さらには食事も常にアスリート仕様。食卓に並ぶのは専ら鶏肉やサラダ、オレンジジュースといったものばかり。同選手が大好きだという“フェジョアーダ(ブラジルの国民料理:塩漬けの豚肉にオレンジを添えてキャッサバ粉をまぶしたもの)”も最近はほとんど口にしていないようだ。

加えて、長距離遠征で時差ボケになった際には眠らない代わりにサッカーの映像を見て自身のプレイをチェック。その間も、両足は筋肉の疲労回復用に設計されたブーツの中にあるというのだから驚きだ。

激しい寄せはカゼミロの持ち味の一つだ photo/Getty Images

「サッカーは90分だけじゃない」。同メディアがカゼミロにこの生活について訊いたところ、彼はこう答えたという。ピッチを離れてもサッカーを続けている。彼の素晴らしいプロ根性が込められた言葉と言えるだろう。その意識の高さはチーム内にも伝染しつつあるようで、今季加入した同じブラジル代表のFWロドリゴ・ゴエスはこの先輩の姿勢にインスピレーションを受けたと語っている。

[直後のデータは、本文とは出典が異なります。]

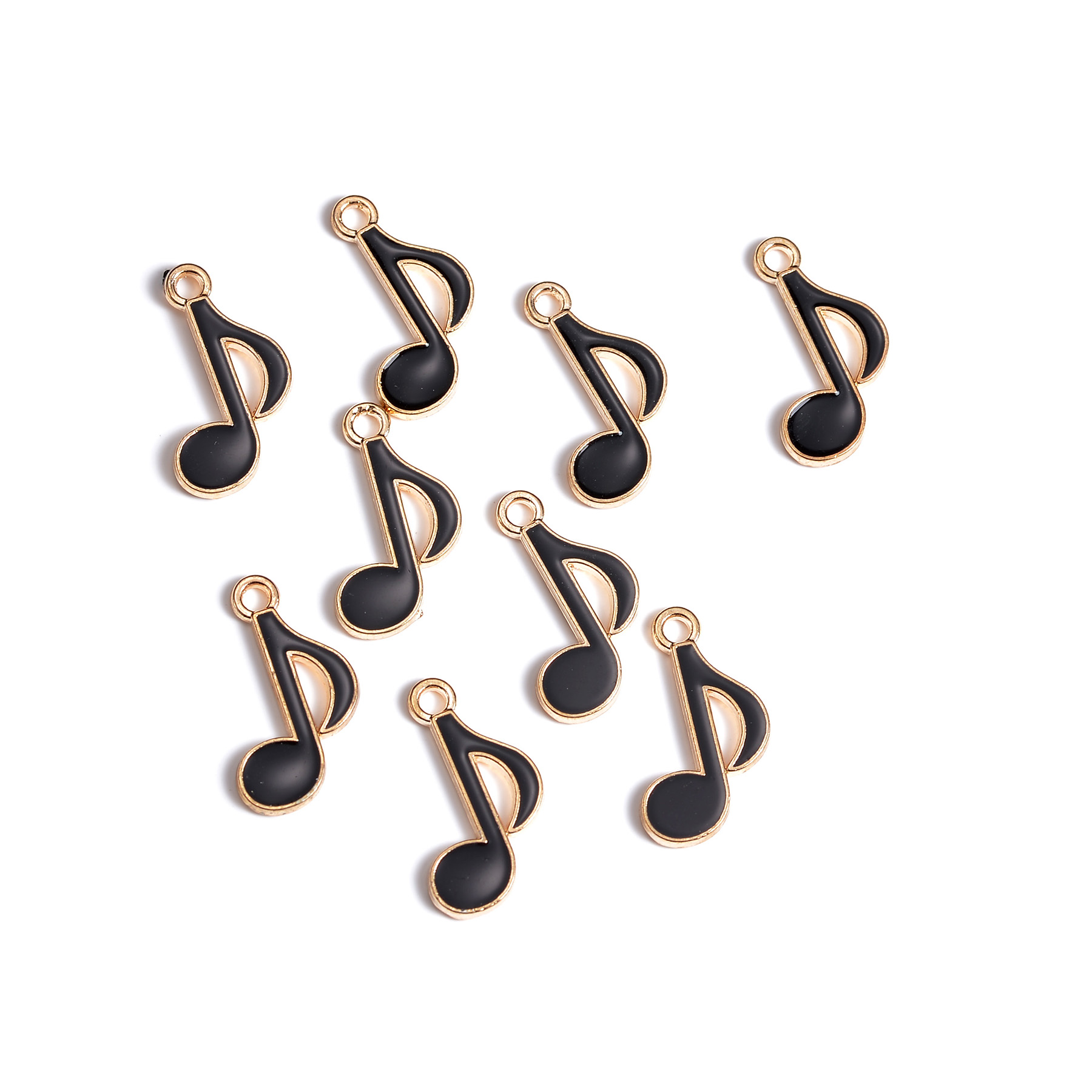 50pcs 12x20mm Cute Enamel Musi - Jewelry Making Notes ulasan dan harga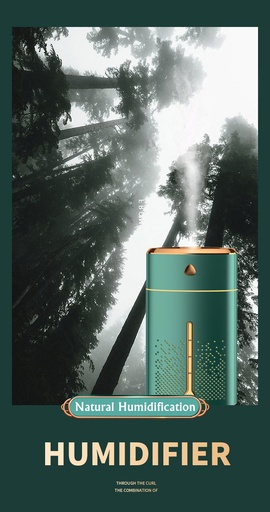 1000ml Air Humidifier Ultrasonic Cool Mist Aromatherapy Humidifier Diffusers with LED Light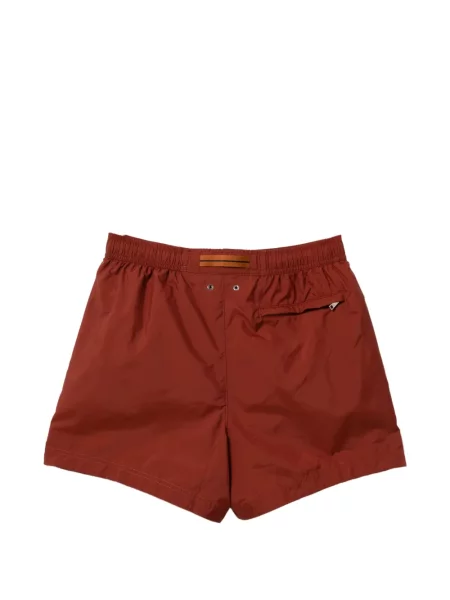 Slip de baie Zegna cu cordon maro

「カゼミロは真のリーダーだよ。彼はブラジル人選手が怠け者だというイメージを変えたと思う。いつも僕に『ジムへ行こう』、『マッサージへ行こう』、『練習しよう』って誘ってくるんだ。僕に素晴らしいインスピレーションを与えてくれているよ」

ロドリゴのブレイクはカゼミロが貢献した部分も少しあるのかもしれない。若手にとって、同選手は良き手本となっているのは間違いない。

この意識の高さについて、「僕の身体に対するメンテナンスは意識は病的だね」と自虐気味に語っているカゼミロ。だが、彼が激しいプレイを披露しながらもほとんど離脱しないのはこういった努力あってこそのものだろう。レアルの“潰し屋”はさらなる高みを目指すために労を惜しまない。